The problem
What you return should be the complete listing, unchanged, with no pictures in it.

Given records
■ ■ ■

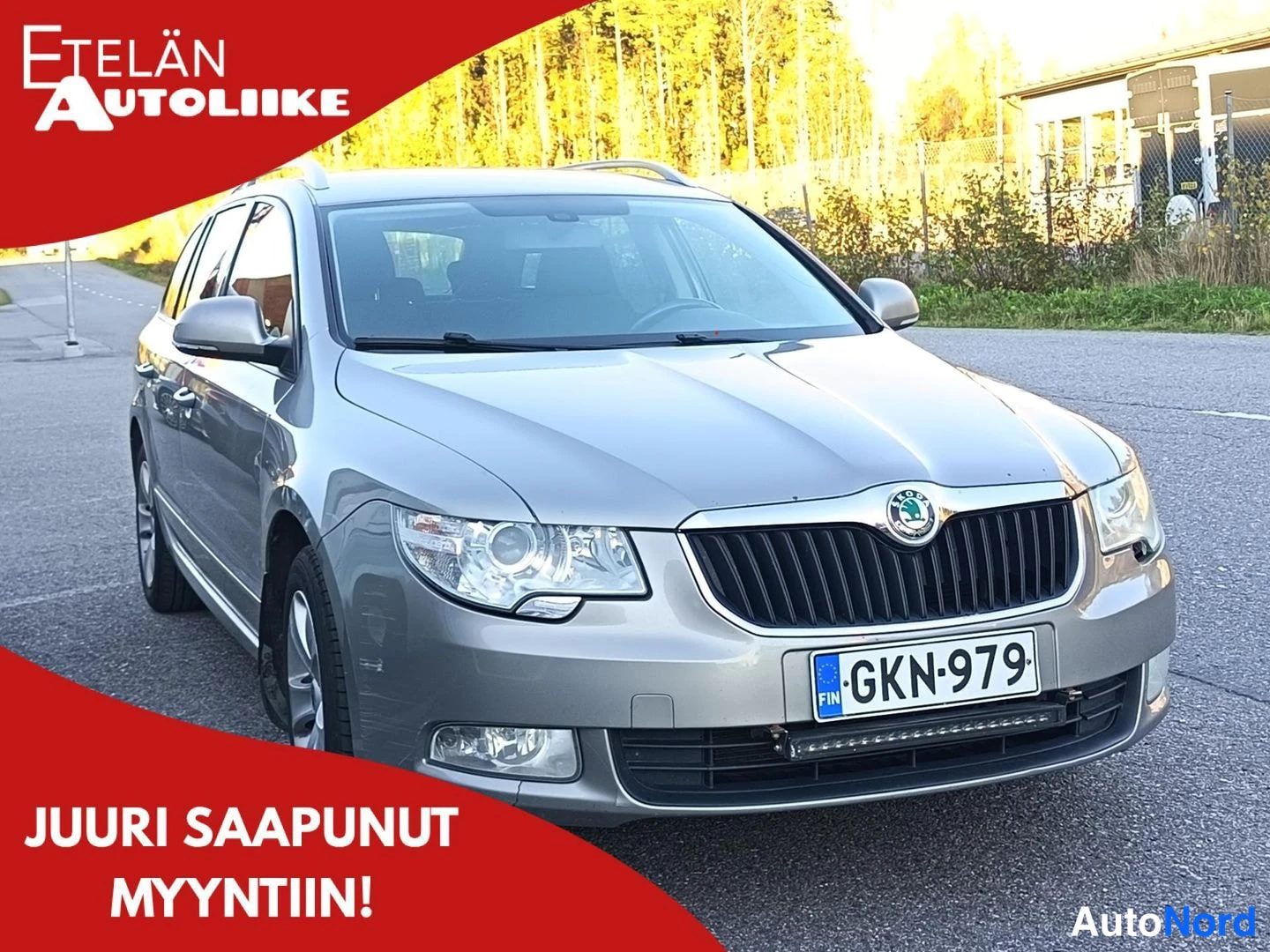 Hopea Skoda Superb 2012, etuviisto, keula vasemmalle, kuva 2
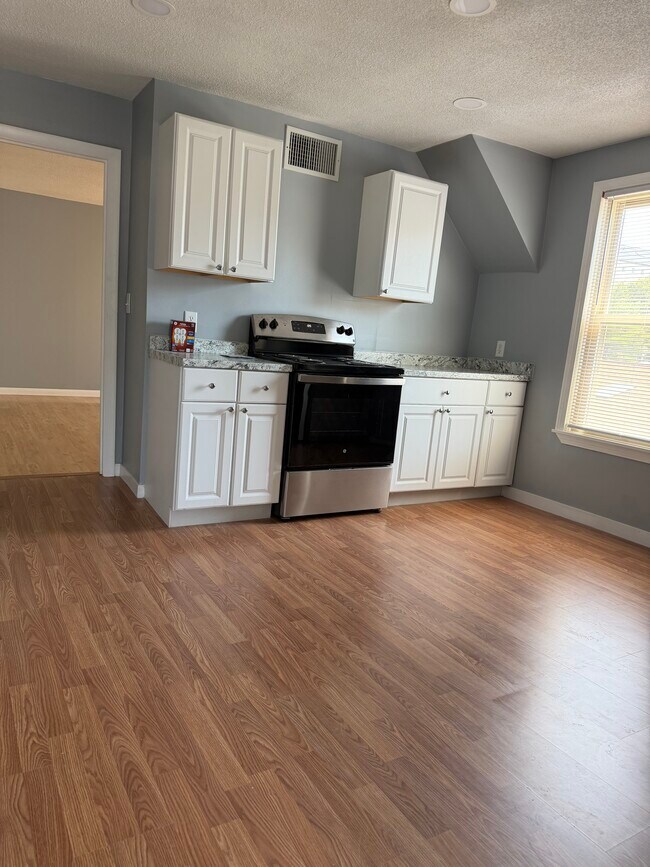 Cocina - 24 Lake Ave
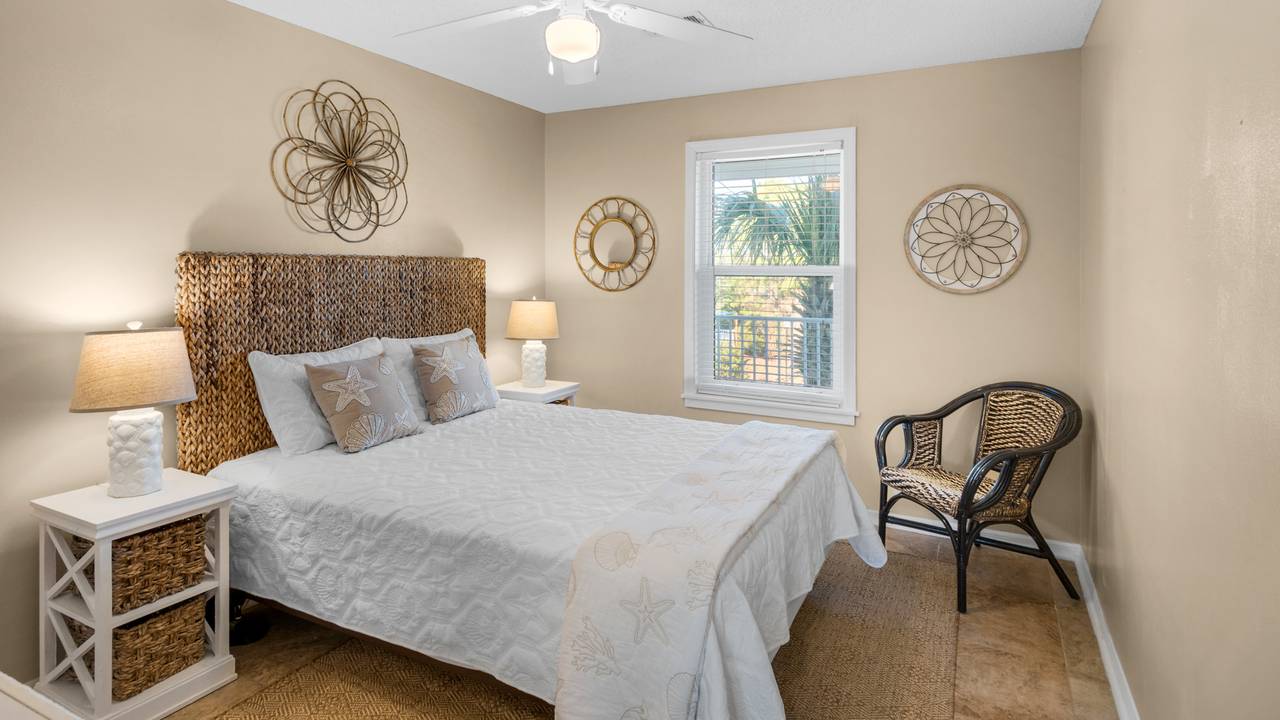 Beachside Villas 1122 Queen Bedroom Beachside Villas 1122 Queen Bedroom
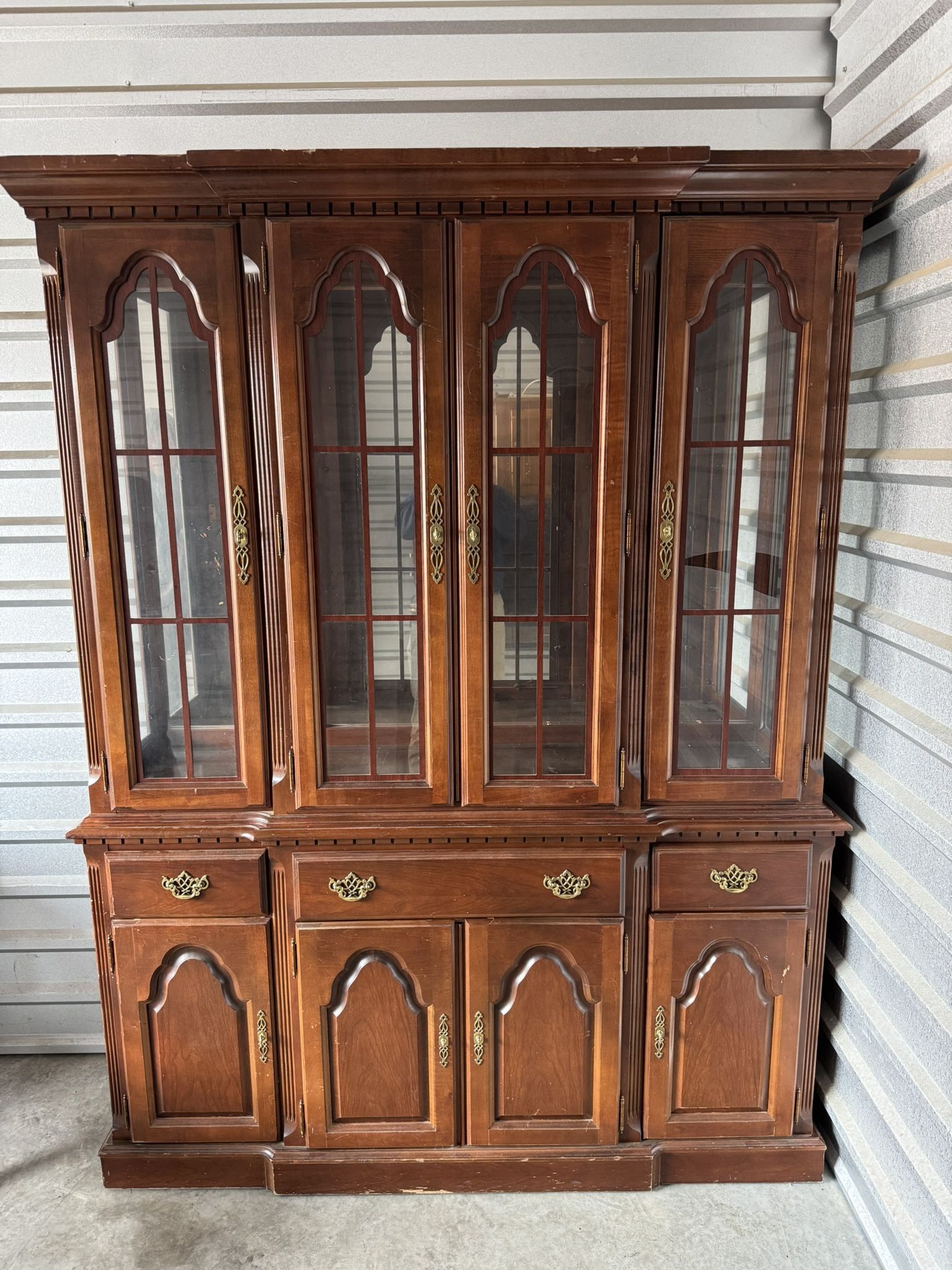 China Cabinet / Hutch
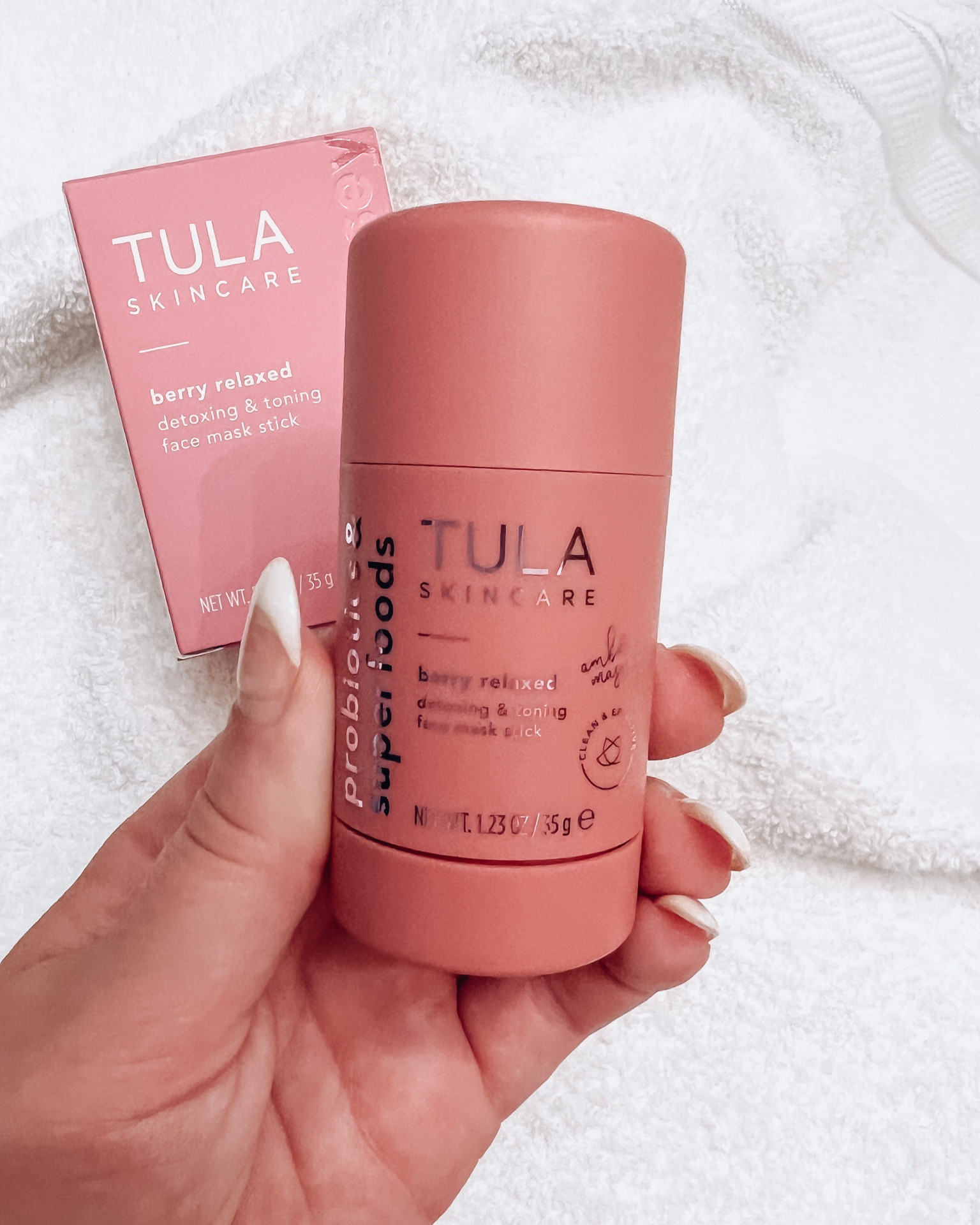 I seriously LOVE how easy this face mask is to apply- zero mess! Use code ERICACHOINKA at checkout to save $$$


#LTKsalealert #LTKGiftGuide #LTKbeauty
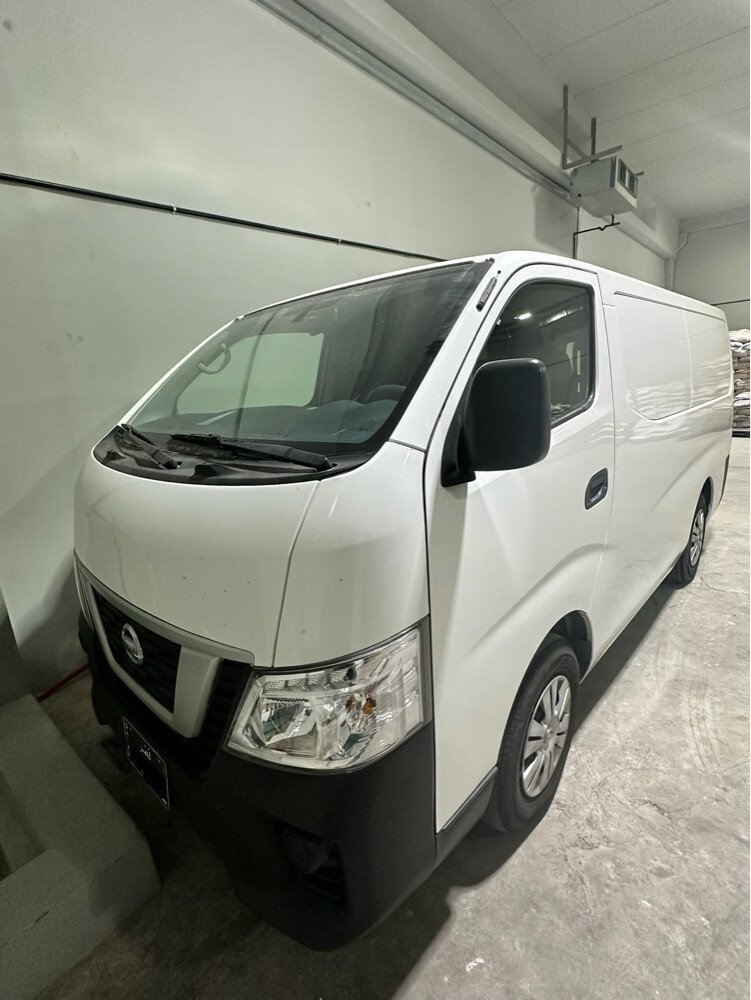 Nissan Urvan  2022| Only 104,000 KM - 5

■ ■ ■

Completed task
 Hopea Skoda Superb 2012, etuviisto, keula vasemmalle, kuva 2
 Cocina - 24 Lake Ave
 Beachside Villas 1122 Queen Bedroom Beachside Villas 1122 Queen Bedroom
 China Cabinet / Hutch
 I seriously LOVE how easy this face mask is to apply- zero mess! Use code ERICACHOINKA at checkout to save $$$


#LTKsalealert #LTKGiftGuide #LTKbeauty
 Nissan Urvan  2022| Only 104,000 KM - 5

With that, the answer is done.